- **EXERCISE OBJECTIVE**
The answer must be every line of the records below that contains the word "data".

╔══

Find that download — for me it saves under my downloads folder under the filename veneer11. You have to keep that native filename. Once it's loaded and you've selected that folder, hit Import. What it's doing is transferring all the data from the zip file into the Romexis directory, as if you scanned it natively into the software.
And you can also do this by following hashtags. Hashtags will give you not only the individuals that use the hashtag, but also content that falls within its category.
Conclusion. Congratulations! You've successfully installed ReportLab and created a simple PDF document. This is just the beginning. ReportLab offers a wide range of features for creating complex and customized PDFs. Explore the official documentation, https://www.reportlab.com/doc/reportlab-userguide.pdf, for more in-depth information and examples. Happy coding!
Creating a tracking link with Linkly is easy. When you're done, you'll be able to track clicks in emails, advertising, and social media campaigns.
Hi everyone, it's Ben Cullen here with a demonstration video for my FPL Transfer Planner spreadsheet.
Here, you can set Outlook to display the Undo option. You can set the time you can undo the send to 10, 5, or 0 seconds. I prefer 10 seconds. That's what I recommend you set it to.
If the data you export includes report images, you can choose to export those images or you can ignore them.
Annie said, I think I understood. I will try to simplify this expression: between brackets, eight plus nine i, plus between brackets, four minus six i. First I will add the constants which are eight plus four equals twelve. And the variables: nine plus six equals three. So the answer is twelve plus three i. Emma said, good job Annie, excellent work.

╚══

- **EXERCISE RESPONSE**
Find that download — for me it saves under my downloads folder under the filename veneer11. You have to keep that native filename. Once it's loaded and you've selected that folder, hit Import. What it's doing is transferring all the data from the zip file into the Romexis directory, as if you scanned it natively into the software.
If the data you export includes report images, you can choose to export those images or you can ignore them.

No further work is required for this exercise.